■ **Work instructions**
Somewhere below, one line contains "Top 10 Worst" and a later line contains "Austria flag poster". Output those two lines and everything between them exactly, and nothing else.

START Task input

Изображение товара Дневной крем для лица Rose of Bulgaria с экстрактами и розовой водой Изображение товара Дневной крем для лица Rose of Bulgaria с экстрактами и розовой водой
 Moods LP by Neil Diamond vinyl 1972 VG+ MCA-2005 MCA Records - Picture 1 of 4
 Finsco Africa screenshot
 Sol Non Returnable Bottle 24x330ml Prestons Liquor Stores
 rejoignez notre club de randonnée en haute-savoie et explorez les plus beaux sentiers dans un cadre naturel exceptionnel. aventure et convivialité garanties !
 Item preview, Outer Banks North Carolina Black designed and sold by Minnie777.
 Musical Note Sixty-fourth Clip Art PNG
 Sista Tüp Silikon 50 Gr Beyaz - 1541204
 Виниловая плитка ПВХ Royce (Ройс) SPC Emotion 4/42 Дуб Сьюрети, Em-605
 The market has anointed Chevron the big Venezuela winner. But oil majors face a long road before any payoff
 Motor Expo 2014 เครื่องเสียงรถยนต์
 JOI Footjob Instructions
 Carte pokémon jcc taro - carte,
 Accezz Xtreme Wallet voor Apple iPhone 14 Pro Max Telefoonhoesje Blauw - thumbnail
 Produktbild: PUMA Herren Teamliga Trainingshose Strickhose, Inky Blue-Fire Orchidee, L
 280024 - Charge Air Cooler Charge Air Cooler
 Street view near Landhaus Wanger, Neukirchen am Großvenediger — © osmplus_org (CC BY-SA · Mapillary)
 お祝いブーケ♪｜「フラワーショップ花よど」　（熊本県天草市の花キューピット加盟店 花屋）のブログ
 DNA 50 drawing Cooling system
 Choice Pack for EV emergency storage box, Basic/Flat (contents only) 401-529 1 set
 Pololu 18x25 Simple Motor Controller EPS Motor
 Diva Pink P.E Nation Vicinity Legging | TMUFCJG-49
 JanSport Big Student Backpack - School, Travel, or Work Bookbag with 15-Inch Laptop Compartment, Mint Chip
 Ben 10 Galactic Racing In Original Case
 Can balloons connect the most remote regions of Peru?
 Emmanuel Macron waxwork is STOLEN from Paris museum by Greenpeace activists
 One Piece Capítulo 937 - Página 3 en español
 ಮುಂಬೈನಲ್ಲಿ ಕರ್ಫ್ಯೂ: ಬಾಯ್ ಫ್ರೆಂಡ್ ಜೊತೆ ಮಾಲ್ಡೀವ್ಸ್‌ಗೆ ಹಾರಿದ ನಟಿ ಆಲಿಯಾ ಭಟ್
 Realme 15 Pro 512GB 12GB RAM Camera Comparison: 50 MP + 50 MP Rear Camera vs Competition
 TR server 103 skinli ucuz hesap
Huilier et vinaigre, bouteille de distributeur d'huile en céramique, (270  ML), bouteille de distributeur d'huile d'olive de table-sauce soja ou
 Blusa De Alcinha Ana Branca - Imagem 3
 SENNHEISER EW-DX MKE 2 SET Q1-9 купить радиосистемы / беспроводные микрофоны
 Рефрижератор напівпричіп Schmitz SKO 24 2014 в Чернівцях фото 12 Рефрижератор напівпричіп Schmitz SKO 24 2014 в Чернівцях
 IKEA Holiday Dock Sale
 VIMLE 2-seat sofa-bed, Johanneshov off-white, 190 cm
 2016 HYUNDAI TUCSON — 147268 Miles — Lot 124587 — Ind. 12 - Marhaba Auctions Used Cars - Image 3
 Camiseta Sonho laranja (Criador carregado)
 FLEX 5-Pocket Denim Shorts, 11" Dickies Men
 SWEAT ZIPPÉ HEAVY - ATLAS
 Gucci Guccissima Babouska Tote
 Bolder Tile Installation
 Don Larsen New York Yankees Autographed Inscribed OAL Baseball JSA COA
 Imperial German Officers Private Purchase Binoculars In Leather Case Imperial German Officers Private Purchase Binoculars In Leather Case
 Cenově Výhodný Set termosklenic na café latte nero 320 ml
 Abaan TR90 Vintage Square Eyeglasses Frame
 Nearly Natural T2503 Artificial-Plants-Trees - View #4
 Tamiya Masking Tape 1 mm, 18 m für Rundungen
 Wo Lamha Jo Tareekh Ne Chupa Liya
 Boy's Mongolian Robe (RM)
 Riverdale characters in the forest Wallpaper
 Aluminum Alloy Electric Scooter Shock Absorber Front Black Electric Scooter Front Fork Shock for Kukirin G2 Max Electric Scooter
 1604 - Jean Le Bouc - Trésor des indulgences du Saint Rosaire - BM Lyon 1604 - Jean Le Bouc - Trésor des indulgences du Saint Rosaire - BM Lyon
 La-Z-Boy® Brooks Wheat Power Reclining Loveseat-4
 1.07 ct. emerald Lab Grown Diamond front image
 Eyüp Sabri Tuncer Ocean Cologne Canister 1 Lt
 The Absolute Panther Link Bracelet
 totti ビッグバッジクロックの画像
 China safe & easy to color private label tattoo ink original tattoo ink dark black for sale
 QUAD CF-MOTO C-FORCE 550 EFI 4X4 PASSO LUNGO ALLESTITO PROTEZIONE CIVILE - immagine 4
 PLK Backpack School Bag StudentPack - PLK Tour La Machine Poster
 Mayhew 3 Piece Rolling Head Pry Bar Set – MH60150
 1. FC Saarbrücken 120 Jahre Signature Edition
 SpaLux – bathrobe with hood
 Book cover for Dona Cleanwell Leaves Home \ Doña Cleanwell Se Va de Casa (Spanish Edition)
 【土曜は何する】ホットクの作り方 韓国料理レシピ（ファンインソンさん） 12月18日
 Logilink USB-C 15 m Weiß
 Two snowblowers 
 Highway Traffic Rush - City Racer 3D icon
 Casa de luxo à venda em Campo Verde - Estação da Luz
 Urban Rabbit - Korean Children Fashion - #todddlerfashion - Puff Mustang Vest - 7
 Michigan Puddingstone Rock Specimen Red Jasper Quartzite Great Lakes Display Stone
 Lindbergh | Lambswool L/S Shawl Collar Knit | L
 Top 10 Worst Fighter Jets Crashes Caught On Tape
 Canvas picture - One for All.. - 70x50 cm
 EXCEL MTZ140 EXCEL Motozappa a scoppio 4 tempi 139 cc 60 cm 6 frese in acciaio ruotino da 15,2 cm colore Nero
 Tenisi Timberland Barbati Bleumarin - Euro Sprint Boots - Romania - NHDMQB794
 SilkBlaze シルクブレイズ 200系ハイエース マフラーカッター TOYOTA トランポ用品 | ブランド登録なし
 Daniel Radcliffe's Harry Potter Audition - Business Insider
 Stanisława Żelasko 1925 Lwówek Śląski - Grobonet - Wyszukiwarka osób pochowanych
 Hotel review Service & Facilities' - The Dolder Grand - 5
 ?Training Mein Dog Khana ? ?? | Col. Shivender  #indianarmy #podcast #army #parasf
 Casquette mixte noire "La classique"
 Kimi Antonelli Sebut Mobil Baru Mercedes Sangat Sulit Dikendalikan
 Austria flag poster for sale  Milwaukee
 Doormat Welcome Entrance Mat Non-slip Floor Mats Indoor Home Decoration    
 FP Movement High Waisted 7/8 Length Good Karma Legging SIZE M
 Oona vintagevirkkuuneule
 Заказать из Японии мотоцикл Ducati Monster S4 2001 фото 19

END Task input

■ **Result for this task**
 Top 10 Worst Fighter Jets Crashes Caught On Tape
 Canvas picture - One for All.. - 70x50 cm
 EXCEL MTZ140 EXCEL Motozappa a scoppio 4 tempi 139 cc 60 cm 6 frese in acciaio ruotino da 15,2 cm colore Nero
 Tenisi Timberland Barbati Bleumarin - Euro Sprint Boots - Romania - NHDMQB794
 SilkBlaze シルクブレイズ 200系ハイエース マフラーカッター TOYOTA トランポ用品 | ブランド登録なし
 Daniel Radcliffe's Harry Potter Audition - Business Insider
 Stanisława Żelasko 1925 Lwówek Śląski - Grobonet - Wyszukiwarka osób pochowanych
 Hotel review Service & Facilities' - The Dolder Grand - 5
 ?Training Mein Dog Khana ? ?? | Col. Shivender  #indianarmy #podcast #army #parasf
 Casquette mixte noire "La classique"
 Kimi Antonelli Sebut Mobil Baru Mercedes Sangat Sulit Dikendalikan
 Austria flag poster for sale  Milwaukee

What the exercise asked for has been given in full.